BEGIN Given entries
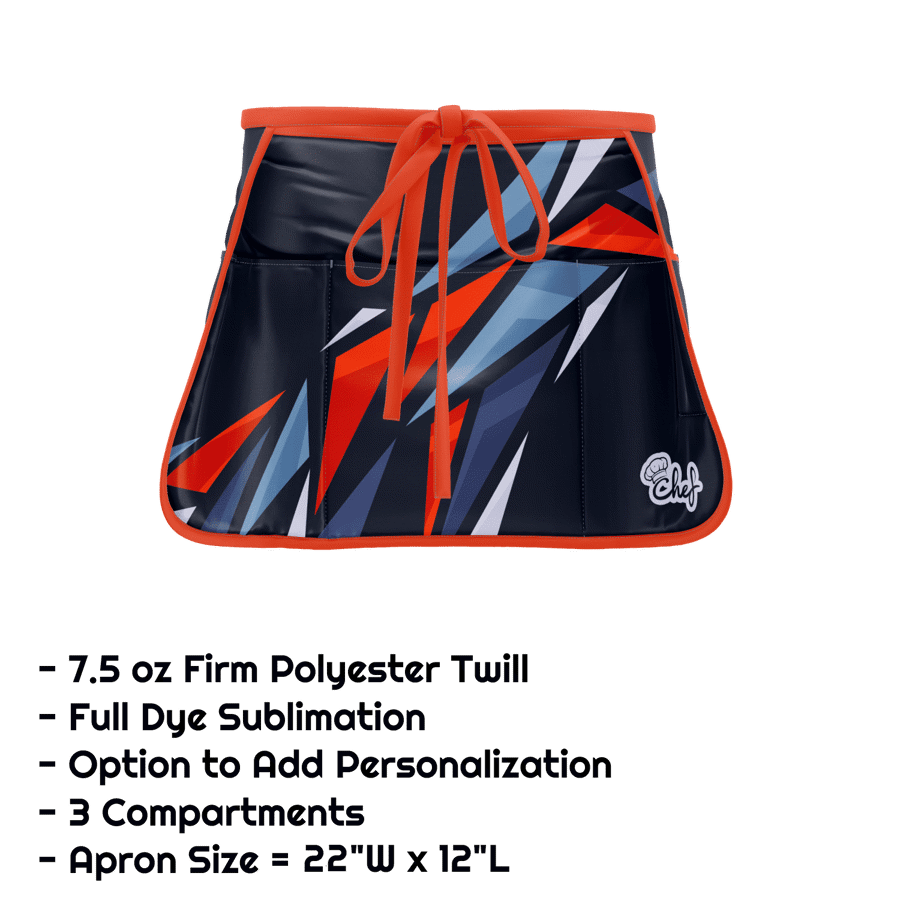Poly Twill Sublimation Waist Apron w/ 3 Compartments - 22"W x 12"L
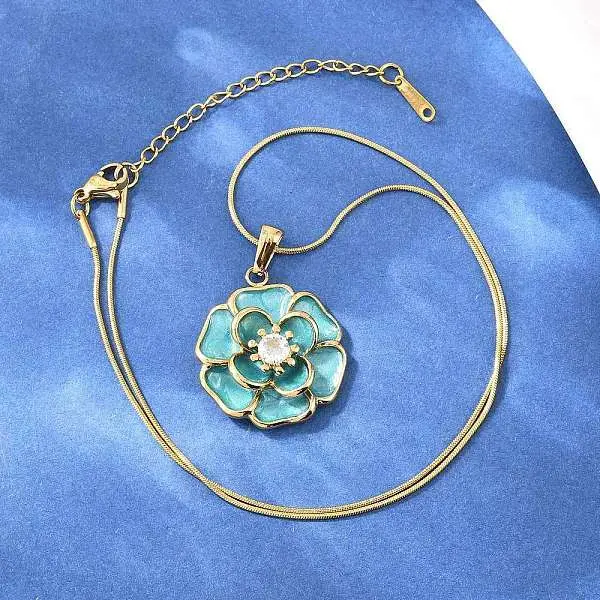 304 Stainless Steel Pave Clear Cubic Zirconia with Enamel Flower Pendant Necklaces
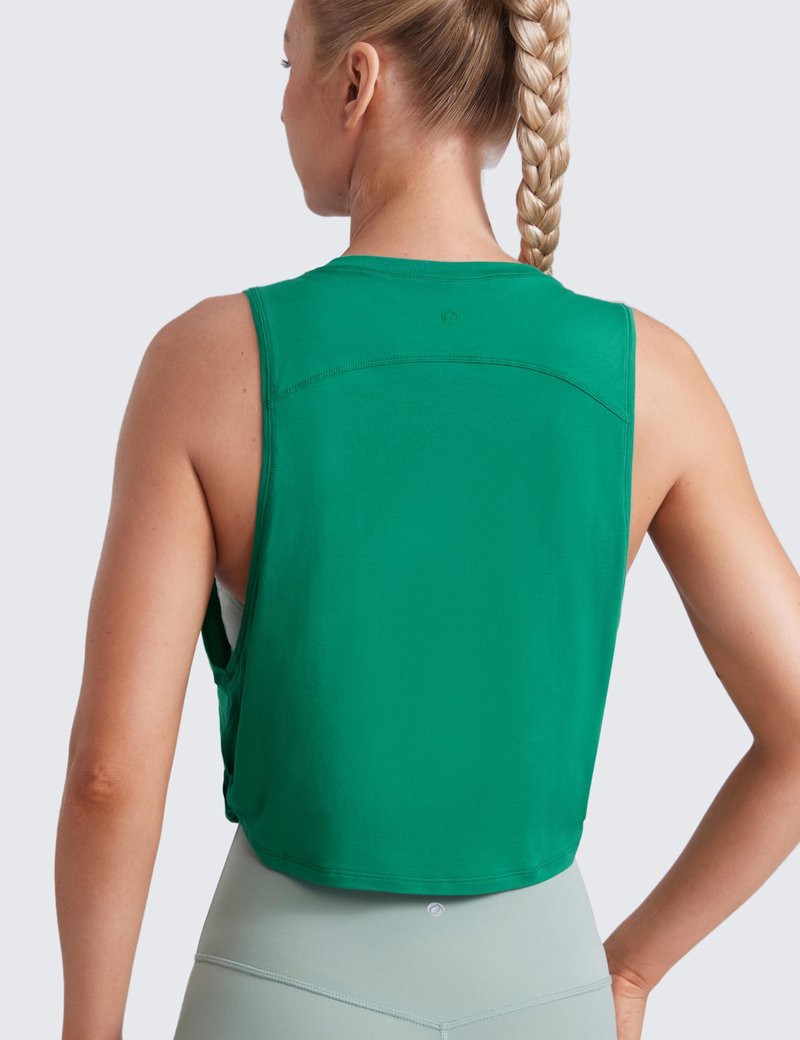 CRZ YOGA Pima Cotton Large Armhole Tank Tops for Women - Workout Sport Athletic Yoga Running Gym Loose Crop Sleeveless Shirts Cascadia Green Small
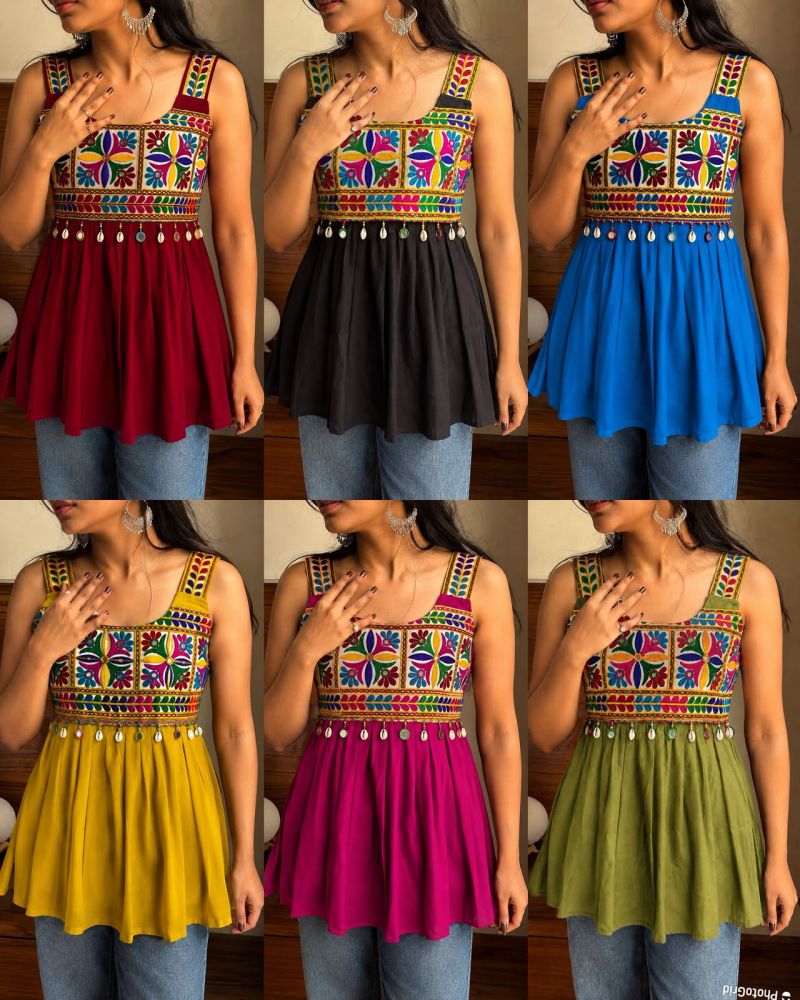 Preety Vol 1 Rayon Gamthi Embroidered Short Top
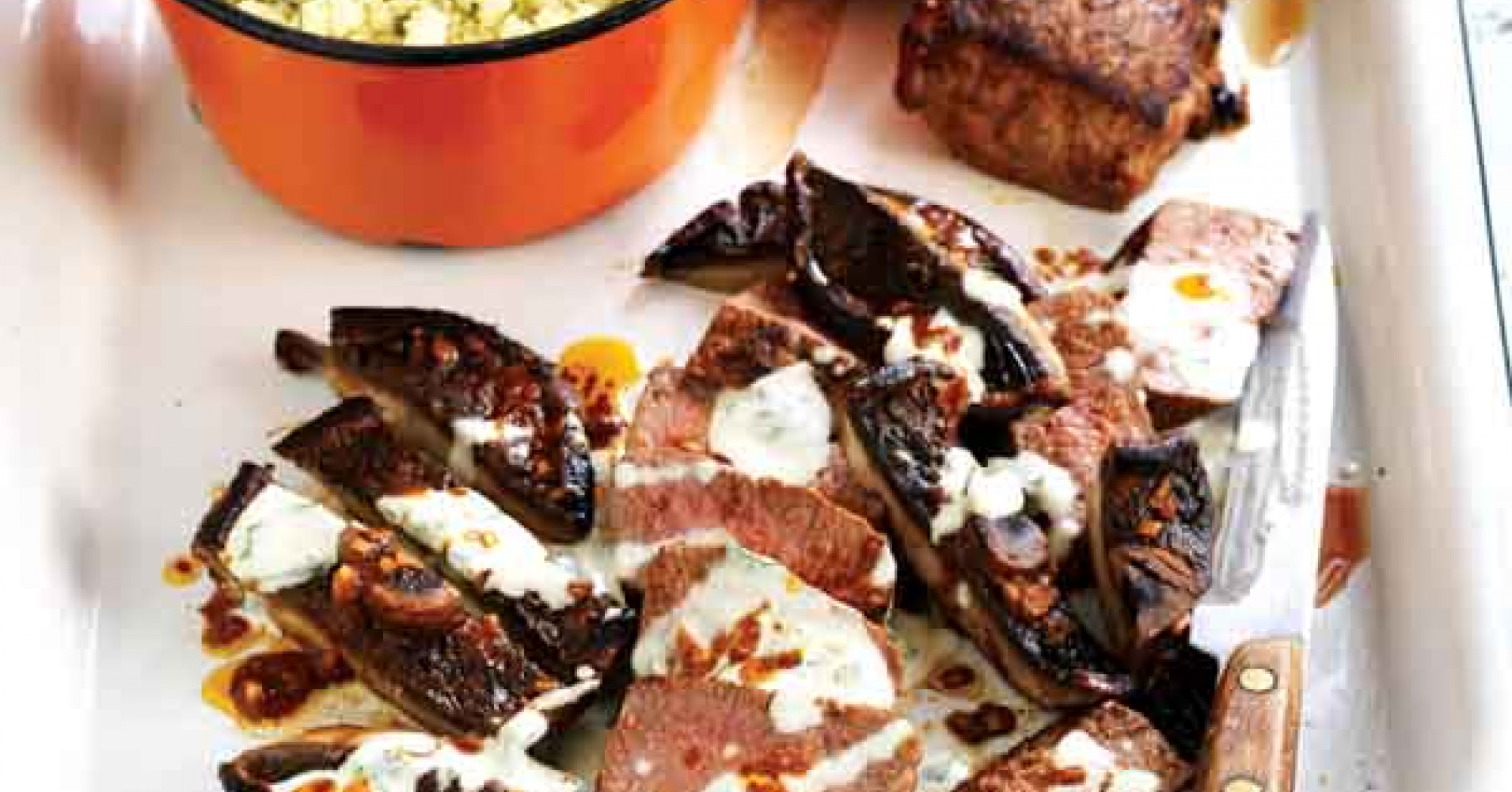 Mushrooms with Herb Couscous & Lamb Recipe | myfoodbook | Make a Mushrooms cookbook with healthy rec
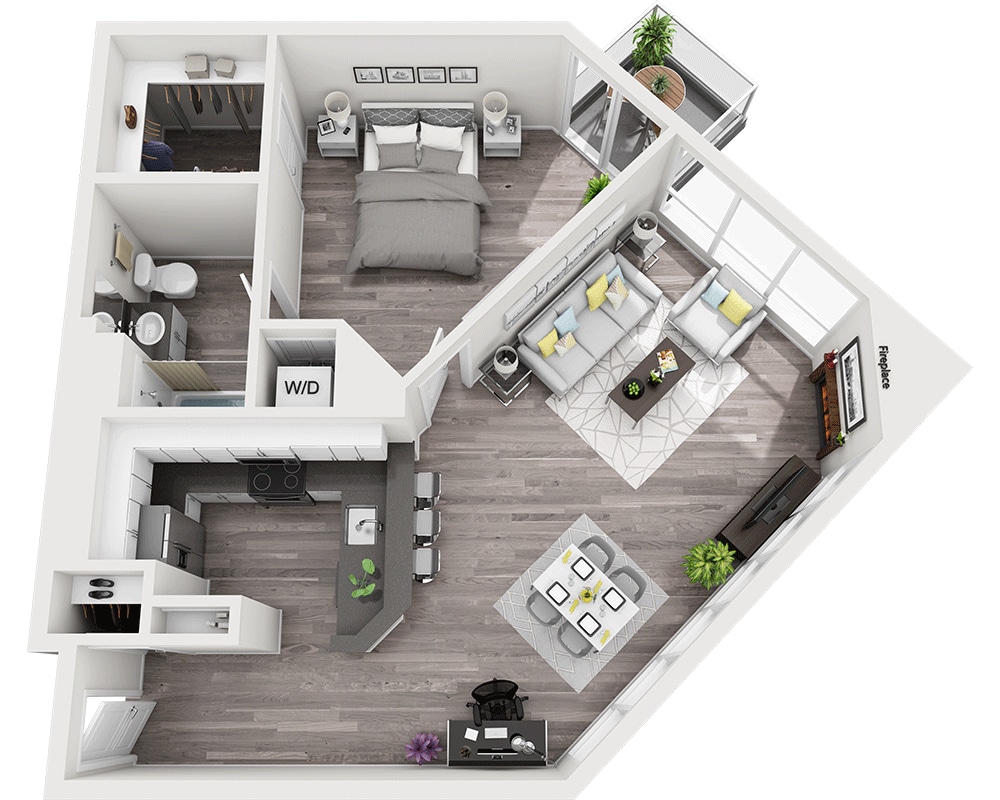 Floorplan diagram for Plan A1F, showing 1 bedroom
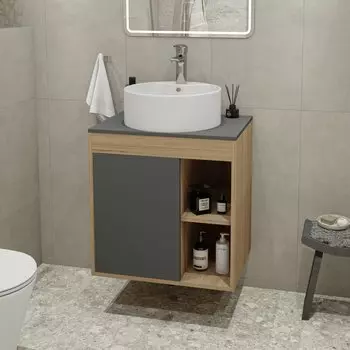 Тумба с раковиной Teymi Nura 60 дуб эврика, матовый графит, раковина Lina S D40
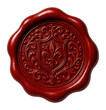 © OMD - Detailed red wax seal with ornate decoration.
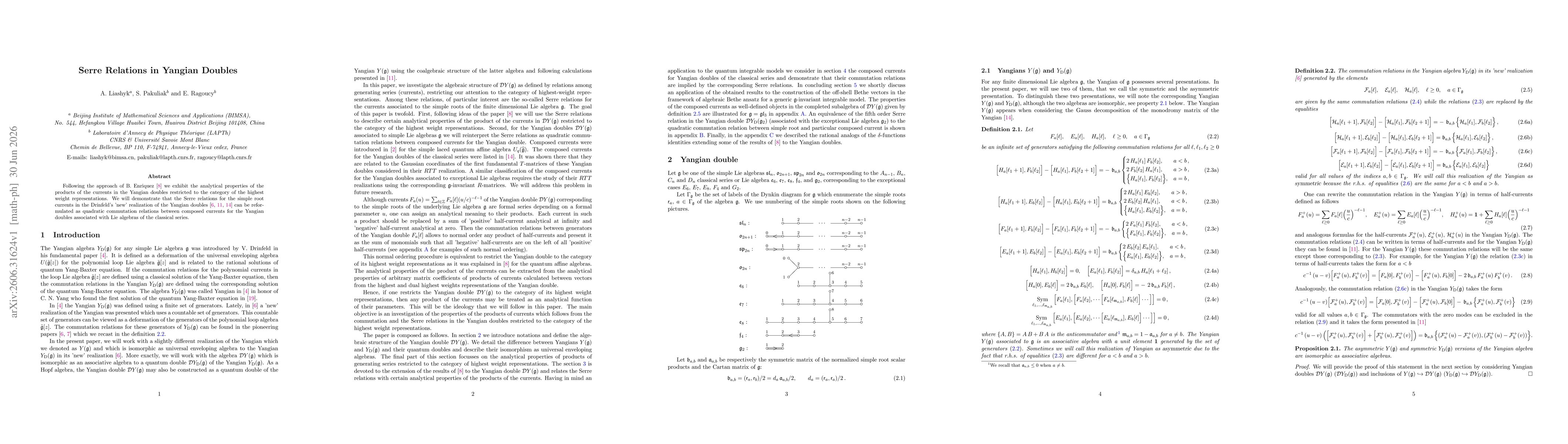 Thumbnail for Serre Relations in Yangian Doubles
END Given entries
**Work to complete:** Counting the line with "CRZ YOGA Pima" and the last line of the data above, transcribe those two lines and every line between them exactly, without the pictures.

**Exercise solution:**
 CRZ YOGA Pima Cotton Large Armhole Tank Tops for Women - Workout Sport Athletic Yoga Running Gym Loose Crop Sleeveless Shirts Cascadia Green Small
 Preety Vol 1 Rayon Gamthi Embroidered Short Top
 Mushrooms with Herb Couscous & Lamb Recipe | myfoodbook | Make a Mushrooms cookbook with healthy rec
 Floorplan diagram for Plan A1F, showing 1 bedroom
 Тумба с раковиной Teymi Nura 60 дуб эврика, матовый графит, раковина Lina S D40
 © OMD - Detailed red wax seal with ornate decoration.
 Thumbnail for Serre Relations in Yangian Doubles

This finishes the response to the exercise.